Transcribe the data exactly, omitting whatever pictures it holds.

MATERIAL PROVIDED:
#####

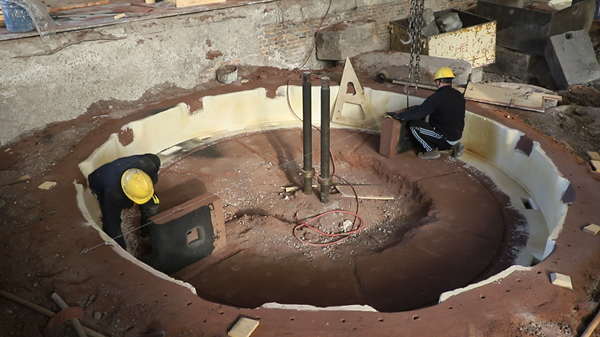 2025年末鑄鋼件廠家推薦：騰飛鑄鋼如何攻克大型鑄鋼件定制難題？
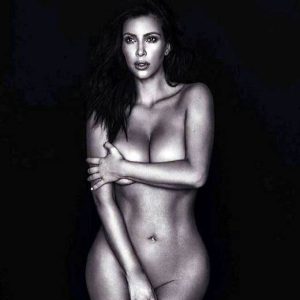 Kim Kardashian 16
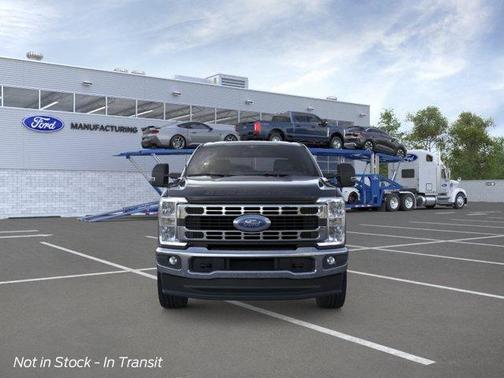 Agate Black Metallic 2026 Ford F-350 XLT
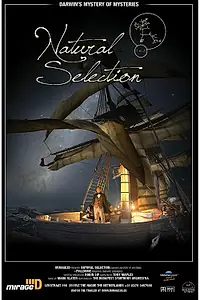 Постер к мультфильму «Natural Selection: Darwin's Mystery of Mysteries (2010)»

#####

REPLY:
 2025年末鑄鋼件廠家推薦：騰飛鑄鋼如何攻克大型鑄鋼件定制難題？
 Kim Kardashian 16
 Agate Black Metallic 2026 Ford F-350 XLT
 Постер к мультфильму «Natural Selection: Darwin's Mystery of Mysteries (2010)»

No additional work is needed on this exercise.